Parmi les avancées notables :
Consolidation des outils : suppression des doublons (outils de communication, espaces de bureaux) et négociation de tarifs améliorés grâce aux volumes regroupés
Optimisation de la supply chain : internalisation de certains services professionnels auparavant sous-traités
Pratiques durables : mise en place d’une gestion complète du cycle de vie des cartes (programmes de recyclage, production locale en France)
Moins acheter : se concentrer sur l’essentiel
La philosophie du « moins acheter » reposait sur l’élimination des dépenses non essentielles, via une gouvernance renforcée :
Budgets au niveau fournisseur : donnant aux responsables budgétaires une visibilité claire de leurs dépenses
Délégation d’autorité : responsabilisation des managers en matière d’achats, au lieu de centraliser dans des centres de services partagés
Processus de demande d’achat : mise en place d’un système d’approbation en amont, pour des décisions proactives plutôt que des validations a posteriori
Acheter moins cher : l’art de la négociation
L’innovation la plus marquante : Swile a lancé un programme interne de formation à la négociation, destiné à ses 800 collaborateurs, considérés comme des acheteurs potentiels.

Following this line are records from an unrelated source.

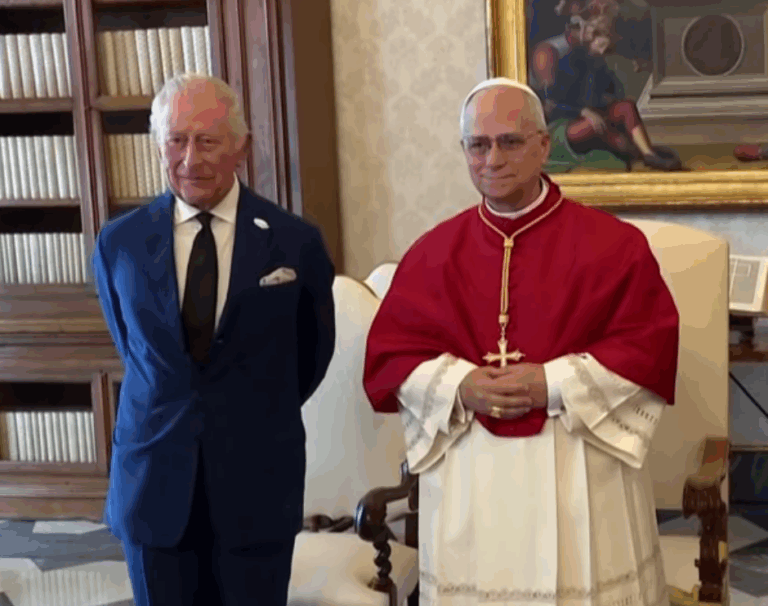 El papa y el rey Carlos III rezaron juntos – #DeInteres   #FVDigital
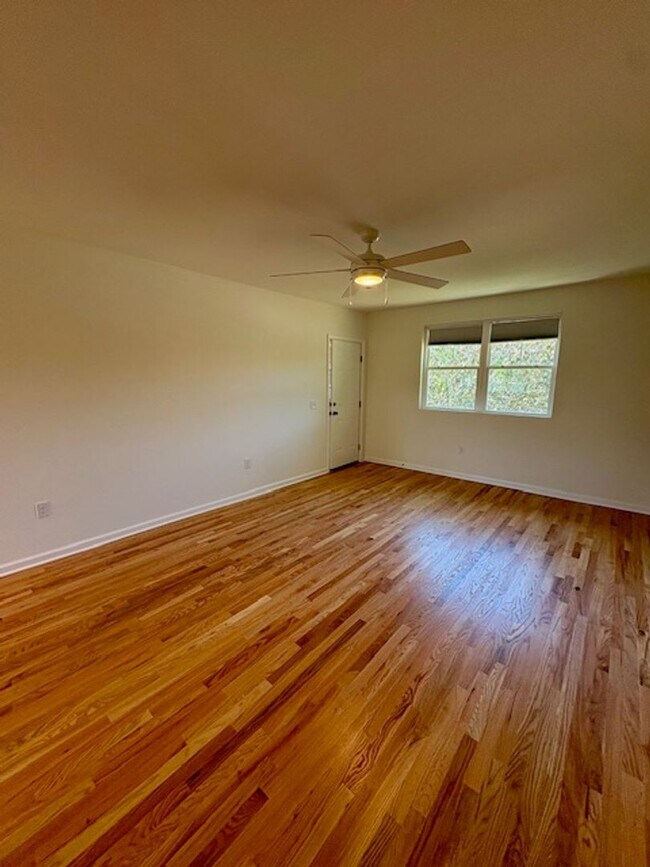 Building Photo - Newly Renovated Three Bedrooms Condo in South Windermere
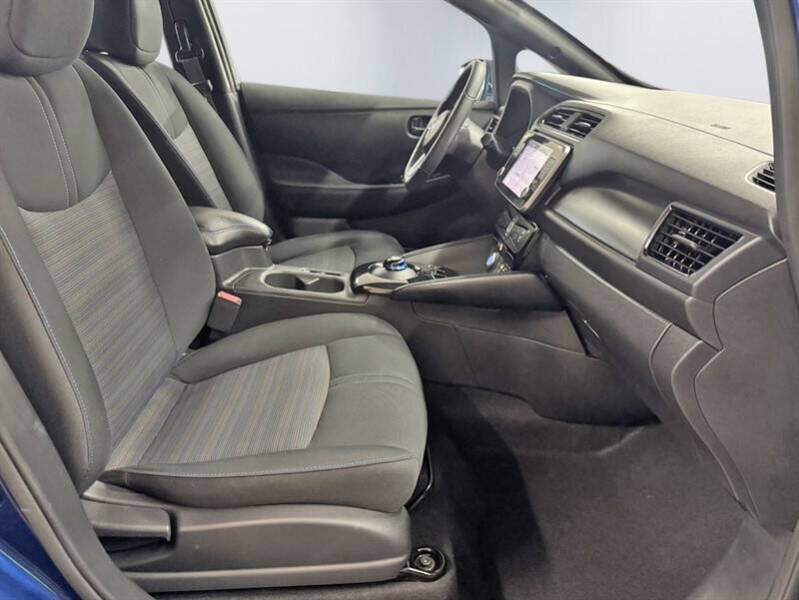 2024 Nissan LEAF SV PLUS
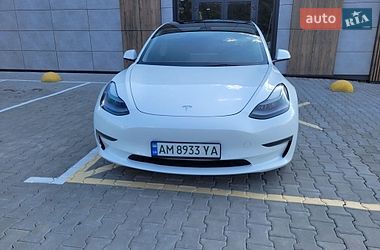 Седан Tesla Model 3 2022 в Житомире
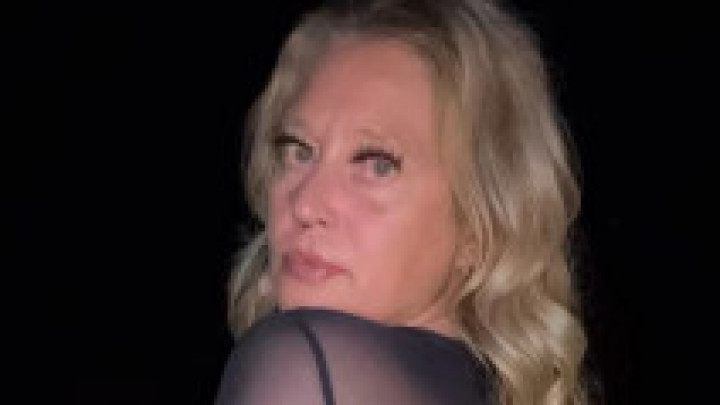 MissyLovelace:Peeing while smoking with some pussy play at the end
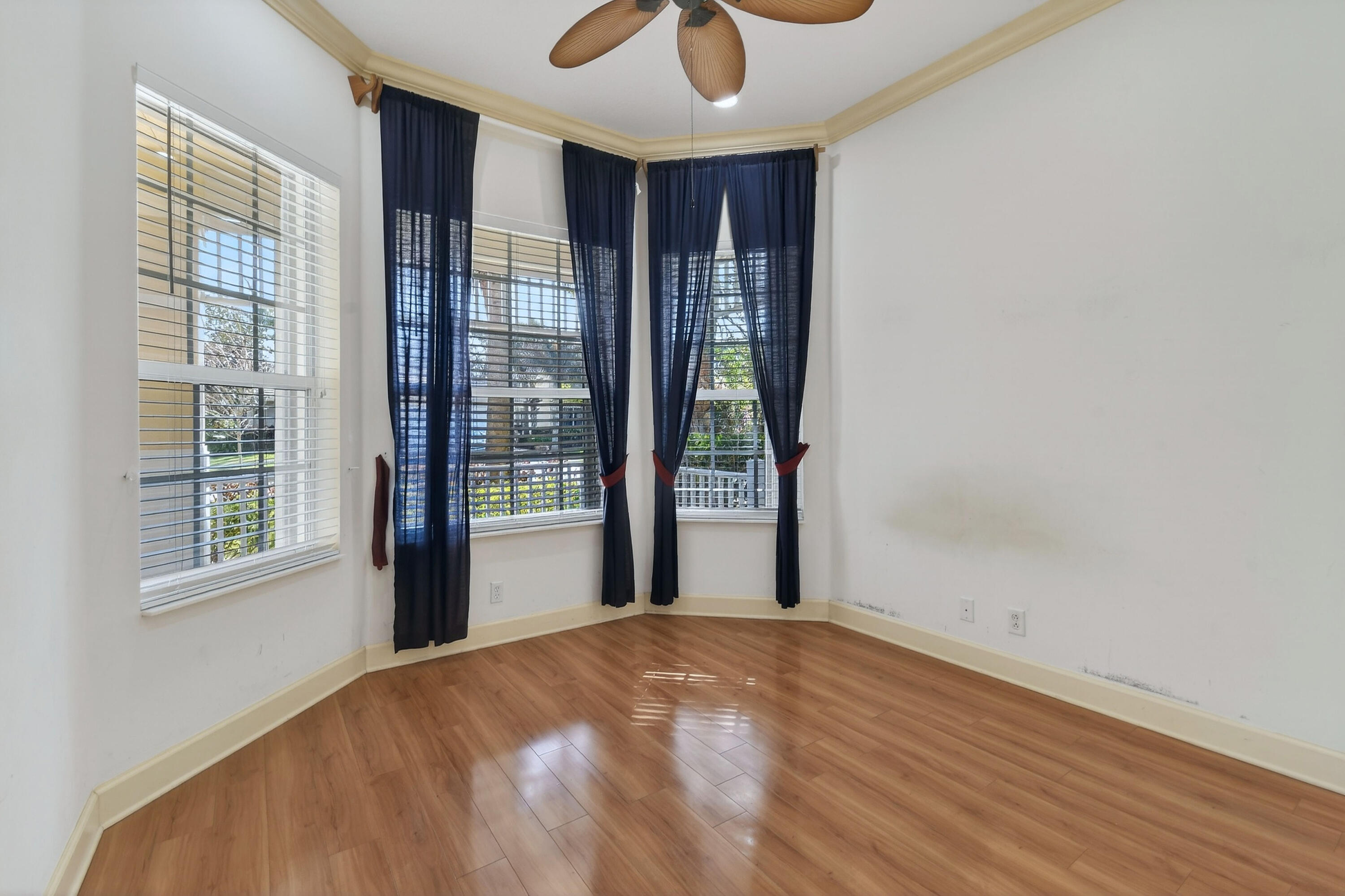 MAGNOLIA LAKES PHASE 1 ST LUCIE WEST NO 151 - Residential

La formation, ludique et gamifiée (évasions de prison, scénarios de fin du monde), rend la négociation accessible et engageante. Elle s’articule autour de :
Une phase de préparation : inspirée des méthodes de l’ancien négociateur RAID Laurent Combalbert
Un déroulé en quatre étapes : empathie, courage, négociation, conclusion
Des outils concrets : notamment les questions calibrées popularisées par l’ex-FBI Chris Voss
La technologie comme facilitateur, pas comme contrainte
La philosophie technologique de Swile privilégie la simplicité et l’expérience utilisateur. Plutôt que de déployer des ERP lourds, l’entreprise a opté pour des outils modernes, agiles et intégrables dans les workflows existants.
Un principe directeur : l’outil est au service des personnes, et non l’inverse. Dans une entreprise tech où l’expérience utilisateur est centrale, les processus internes doivent refléter le même niveau d’exigence que les produits proposés aux clients.
Les résultats : de –22 M€ à +36 M€
Les chiffres parlent d’eux-mêmes : Swile est passé d’une perte de 22 millions d’euros en 2022 à un bénéfice de 36 millions en 2024. Si les achats ne sont pas les seuls responsables, ils ont joué un rôle clé dans les gains d’efficacité.
Mais au-delà du résultat financier, la fonction achats est désormais intégrée à la culture de l’entreprise. Comme le souligne Éric : « Les achats ne sont pas un département : c’est un enjeu qui concerne toute l’entreprise. »
Enseignements pour les entreprises en croissance
L’expérience de Swile offre des pistes actionnables :
Commencer avec le bon mandat : s’assurer d’un soutien clair du top management et d’une mission alignée sur les objectifs business
Privilégier l’accompagnement à la contrainte : les achats doivent outiller et former, pas bloquer
Tirer parti des moments de transition : acquisitions, pivots stratégiques ou changements de financement sont des fenêtres d’opportunité
Investir dans le développement des compétences : diffuser la culture achats et la négociation à l’échelle de l’organisation multiplie l’impact
Choisir la technologie avec discernement : miser sur l’intégration et l’expérience plutôt que sur la complexité fonctionnelle
Conclusion
L’histoire de Swile montre que les achats, bien positionnés et bien exécutés, deviennent un catalyseur de transformation. En privilégiant l’empowerment plutôt que le contrôle, et en considérant les achats comme une compétence organisationnelle plutôt qu’une fonction isolée, les entreprises peuvent débloquer une valeur significative tout en construisant des opérations plus résilientes et plus efficaces.